Rick Falkvinge is the founder of the Swedish Pirate Party, which has representation in the European parliament and has spawned Pirate Parties in more than 60 other countries. His interests lays in fighting for the net’s core values, the ability for everybody to publish their ideas and creations, and how these industries drive us towards a Big Brother society. Because of his successes in cost-effective management and changing policy, he has been named a Top Global Thinker by Foreign Policy magazine, as well as shortlisted as one of the world’s most influential people by TIME Magazine. When not making policy, he is keynoting about cost-effective management, or exploring technical subjects in detail.

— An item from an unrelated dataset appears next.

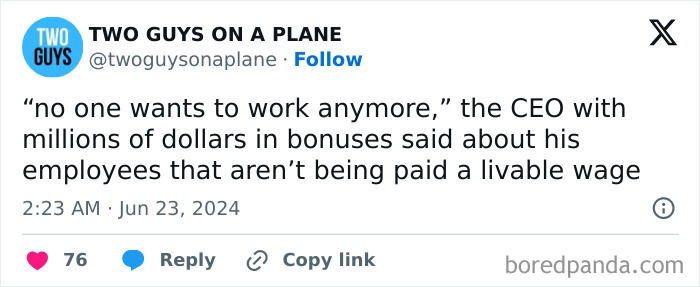 CEO comments on "no one wants to work" trend, highlighting wage issues in a viral tweet.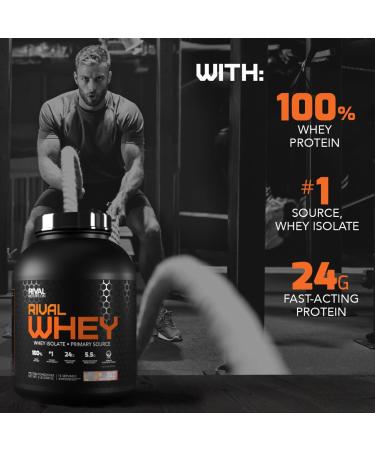 Rival Nutrition Rival Whey Protein Powder | 100% Whey Protein Isolate Sourced Protein Powder | 24g Protein 5g BCAAs Low Fat Low Sugar | 72 Servings 5LB (Cookies & Cream) Cookies & Cream 5LB - Buy Online on GoSupps.com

Hulda Holtvedt is 14 years old and attends 9th grade, but is already involved in politics. The last year she has been a commentator in Aftenpostens Si;D , as well as a diverse range of publications with her passion around politics and social topics. She is active in the party Grønn Ungdom and her main intrests are school politics, gender politics, climate and animal welfare. The reason we think she is great and are looking forward to hear her speak is that she will talk about all the different ways that youth are engaged in these topics and that the normal way of being an activist is not the way today’s youth are going about it.
Thomas Hylland Eriksen
Thomas Hylland Eriksen is Professor of Social Anthropology at the University of Oslo and the author of many books in English and Norwegian. His research has focused on the cultural dynamics of complex societies, and he has published extensively about globalisation, ethnicity, minority issues and nationalism. He has also written a series of books about the unintended consequences of modernity (in Norwegian), ranging from information technology to happiness and rubbish. Finally, he is an amateur saxophonist and novelist as well.
Mari Stølan is a communication designer and co-founder of the Norwegian clothing label SØLV, founded in 2010. With a slower approach to fashion, SØLV offer pre-order only collections, letting their customers discover the value of anticipation and at the same time avoiding over-production completely. SØLV is part of a global makers movement reinventing retail by erasing the originally huge and costly gap between maker and end-costumer. Through the use of internet and innovative funding options like e.g. crowdfunding/pre-ordering, makers are able to create high-quality products with specific users in mind. By doing so, taking part in a sustainable route in retail, creating longer lasting products with an open and often more local value-chain . In 2013 SØLV was nominated for Best Norwegian Designer by the award “Nåløyet”, and the “Young Talent Award” hosted by The Norwegian Design Council.
Aris Theophilakis represents a different perspective on the Big Data – trend that is engulfing all topics in society from health, public policy to decision making. He is questioning how this sharing behavior is changing our society and our individual behavior and thinking. Do we really know what will happen to a value we held a long time ago and will we still stand for it it years later?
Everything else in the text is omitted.